Hi everyone, I have been here before, but I finally decided to make an account cause I am just so frustrated and I wanted to just let out all the bile before my family comes home and I unleash it on them...
I am annoyed. I am annoyed with myself for thinking that working hard, making the honor roll, joining the honors society, getting involved with school activities, and polishing up my resume till its really good was enough to get me noticed by HR. I am annoyed that I thought that putting on a grey suit and putting on the approriate amount of makeup, having copies of all pertinent documents and putting on my best "hire me" show was enough to make recruiters interested in possibly setting me up for interviews for their floors. I thought that being intelligent and personable, loving nursing, being good at it, having great references, preceptorships, externships, a BSN from a highly regarded school would be enough if I interviewed well and have a good resume. Hah. Oh, and getting the interview? Im thinking about forgetting nursing and turning professional stalker.
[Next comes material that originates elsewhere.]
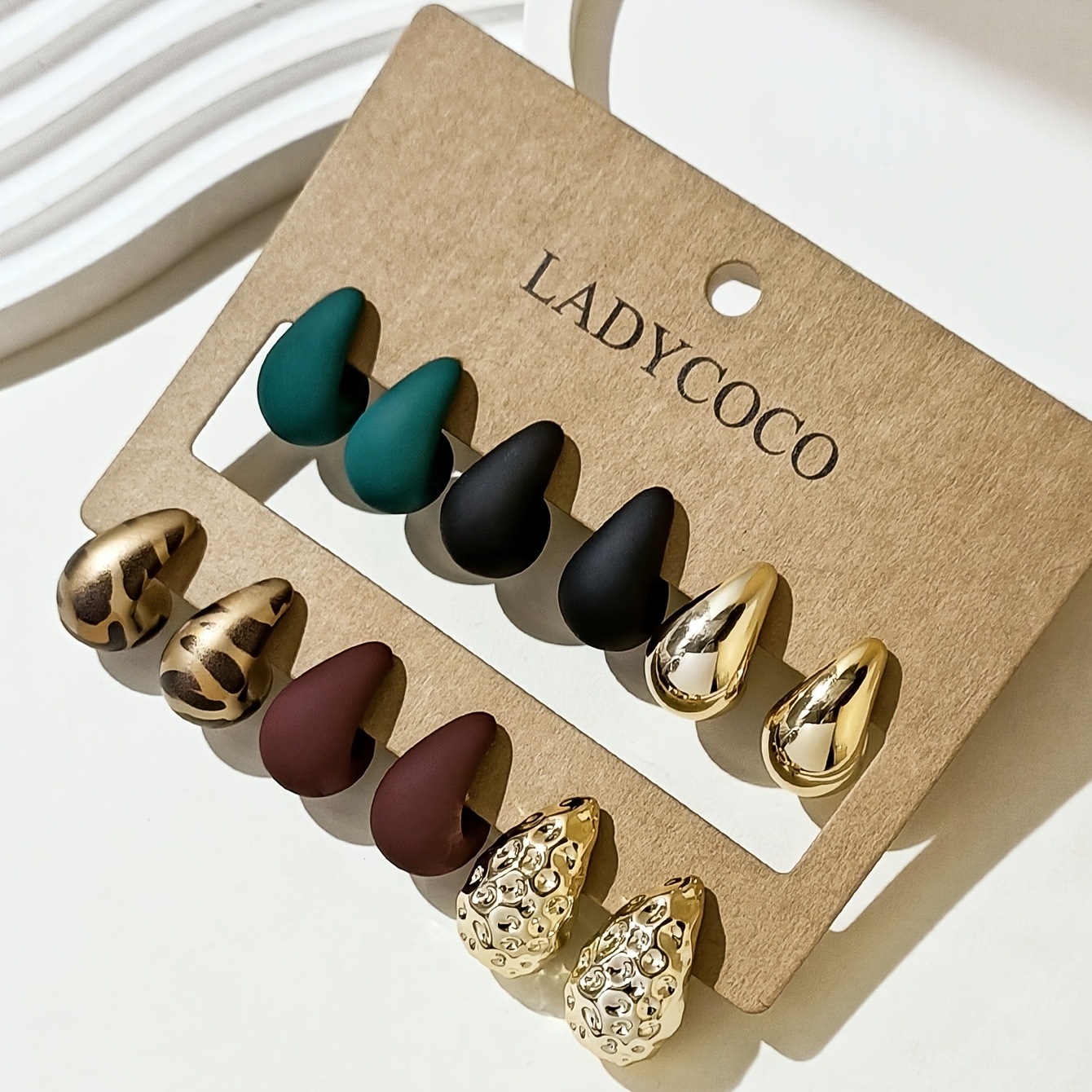 TEMU 6 Pairs Fashionable Cute Tactile Face Water Drop Earrings Set, Women's Versatile Ear Jewelry, 2026 Series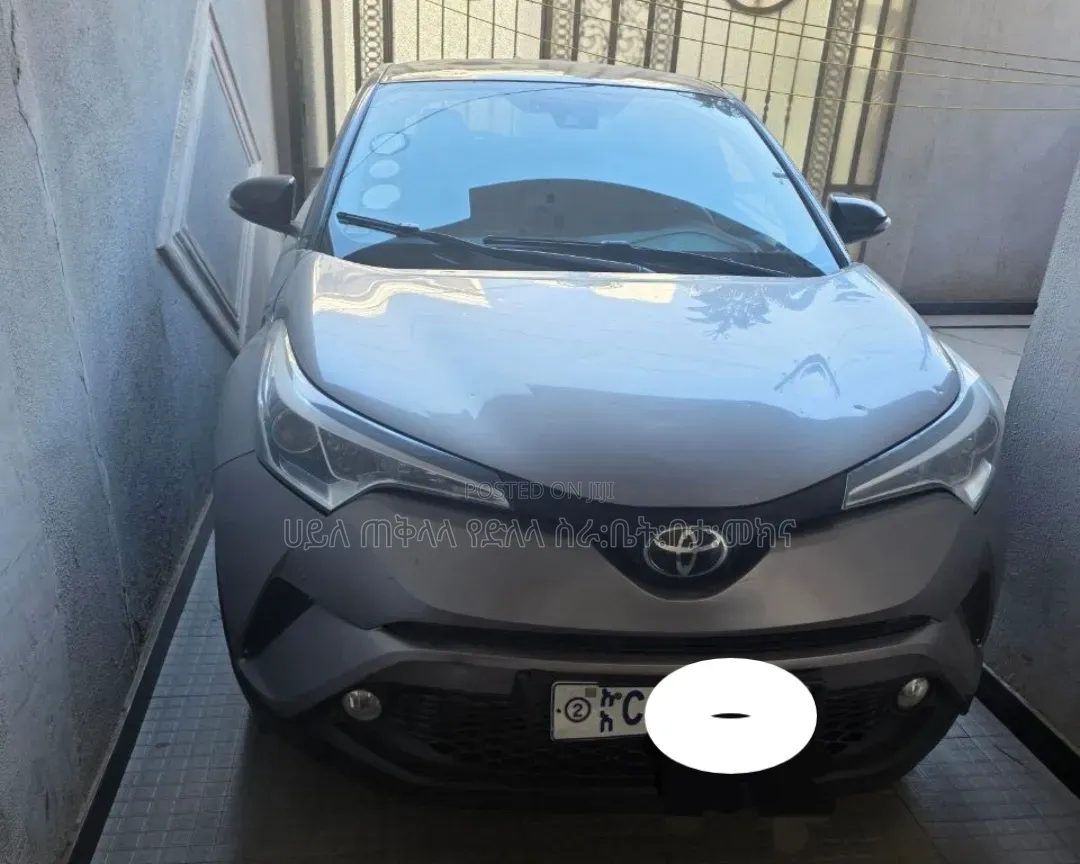 Toyota C-HR 2020 Silver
I am annoyed with nursing friends who were lucky enough to get hired quicker than I was for "suggesting" more locations to apply for. I know they are only trying to help, but what do they think? I havent been trying hard enough? I have applied to pretty much every facility within 30 miles and I dont even drive! Ill worry about that if I have the opportunity to worry it. It would be more helpful to just sympathize with me and say they know its tough out there.
Also annoyed with all those non-nursing folks (and even some people involved in healthcare!!) asking me "You havent gotten a job yet? But there is such a nursing shortage!!" At which point I have to explain to them that there is in fact a nursing shortage only because people are refusing to hire nurses, especially new ones, lest they think I am an idiot or a loser for not being hired.
And I am kind of annoyed with watching the numbers go up on the scale as I sit home all day in front of the computer and eat. And eat. Oh, and sleep. Good times.
If youve made it this far thanks for listening to my rampage! I promise I usually am a normal and well adjusted human being but I guess some days you wake up on the wrong side of the bed...heres to a better day tomorrow!